**Your assignment**
Print out each entry below exactly; do not carry over any image.
[[ Information provided, beginning ]]
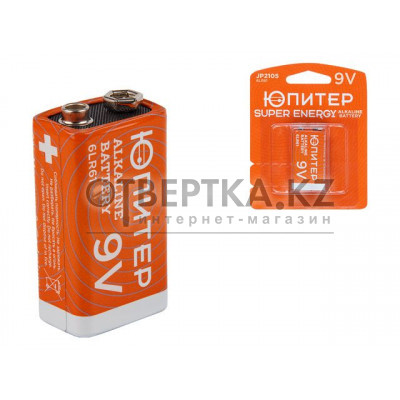 Батарейка 6LR61 (6LF22) 9V alkaline 1шт. ЮПИТЕР JP2105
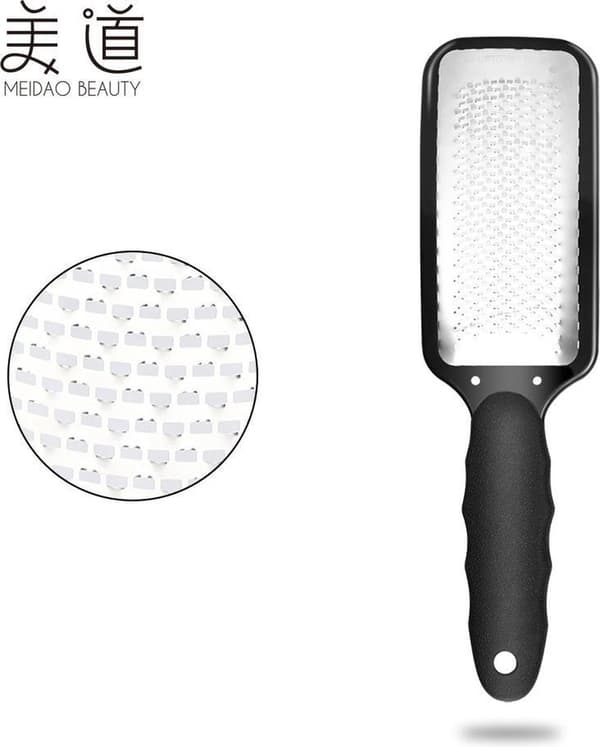 ShaveSkin - Hårdhudsfjerner - Rustfrit stål - Fodfil - Hårdhudsraster - Metallisk - Sort - 270 mm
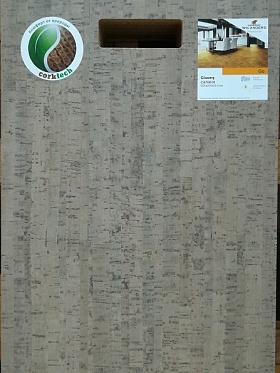 Пробковое напольное покрытие  GO Gloomy C87X001 замок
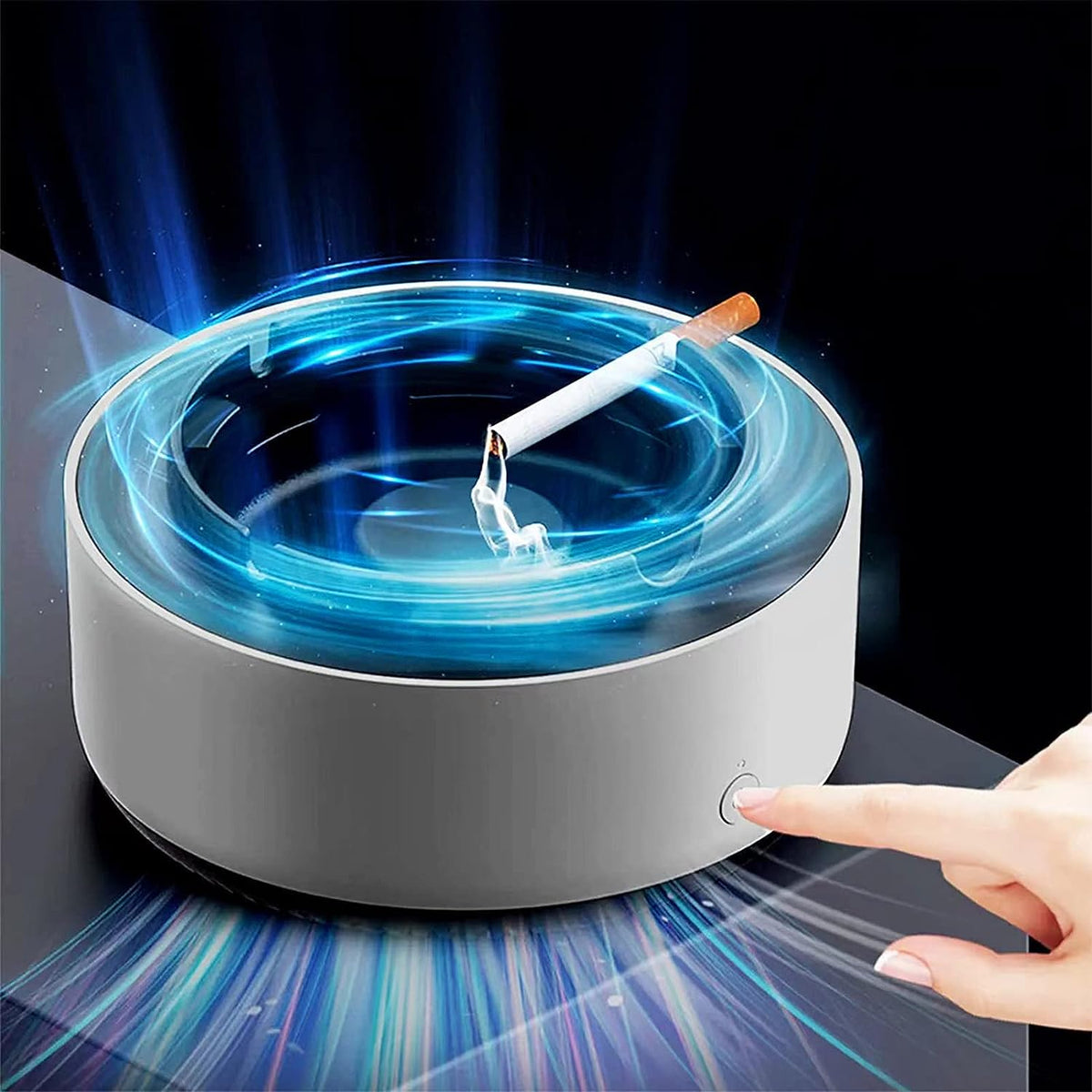 Smart Air Purifier Ashtray | Advanced Smoke Filtration System for Cleaner Indoor Air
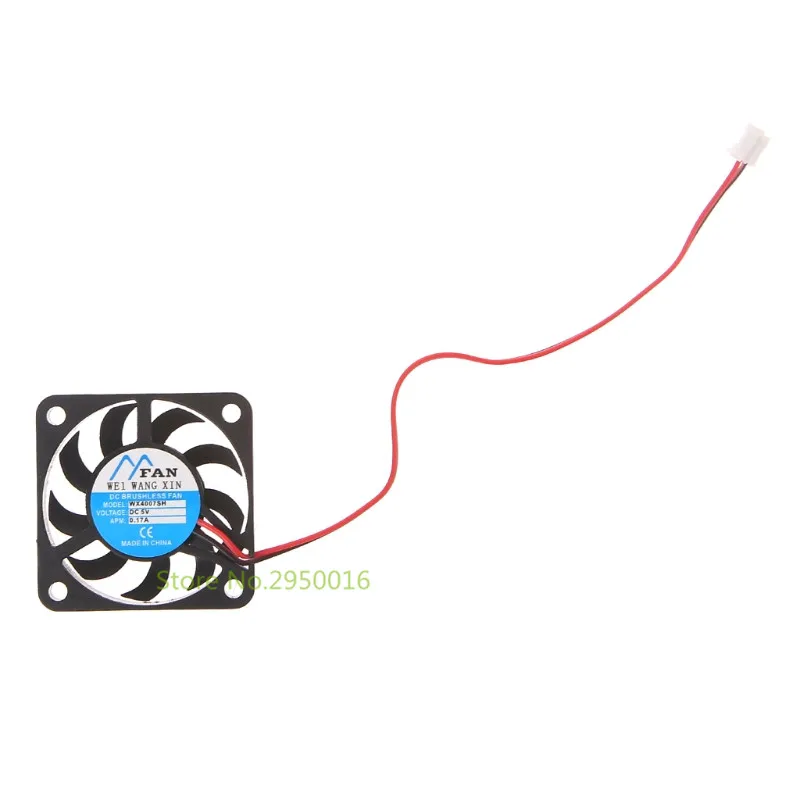 Вентилятор охлаждения WX4007SH DC5V 0.17A мини ультра тонкий бесщеточный теплоотвод вентилятор кулер 40x40 мм C26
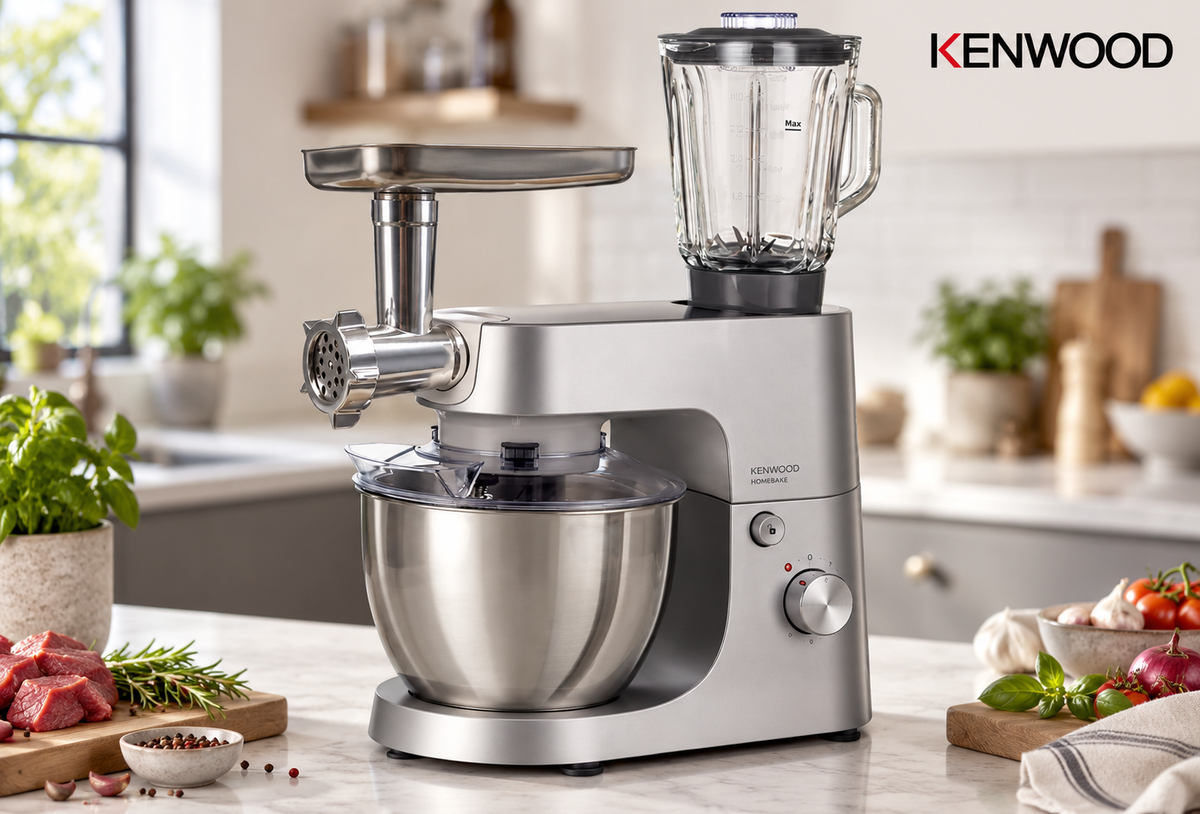 Kenwood KHH01.220SI HomeBake Stand Mixer with Blender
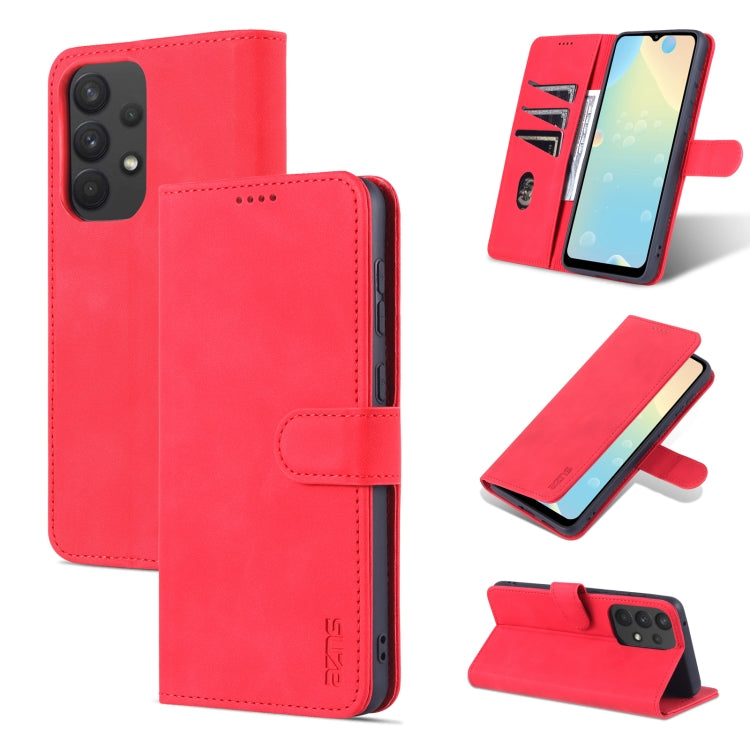 AZNS Skin Feel Calf Texture Custodia per telefono orizzontale in pelle a conchiglia, For Samsung Galaxy A13 4G, For Samsung Galaxy A33 5G, For Samsung Galaxy A53 5G, For Samsung Galaxy A73 5G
[[ Information provided, end ]]
**Exercise response**
 Батарейка 6LR61 (6LF22) 9V alkaline 1шт. ЮПИТЕР JP2105
 ShaveSkin - Hårdhudsfjerner - Rustfrit stål - Fodfil - Hårdhudsraster - Metallisk - Sort - 270 mm
 Пробковое напольное покрытие  GO Gloomy C87X001 замок
 Smart Air Purifier Ashtray | Advanced Smoke Filtration System for Cleaner Indoor Air
 Вентилятор охлаждения WX4007SH DC5V 0.17A мини ультра тонкий бесщеточный теплоотвод вентилятор кулер 40x40 мм C26
 Kenwood KHH01.220SI HomeBake Stand Mixer with Blender
 AZNS Skin Feel Calf Texture Custodia per telefono orizzontale in pelle a conchiglia, For Samsung Galaxy A13 4G, For Samsung Galaxy A33 5G, For Samsung Galaxy A53 5G, For Samsung Galaxy A73 5G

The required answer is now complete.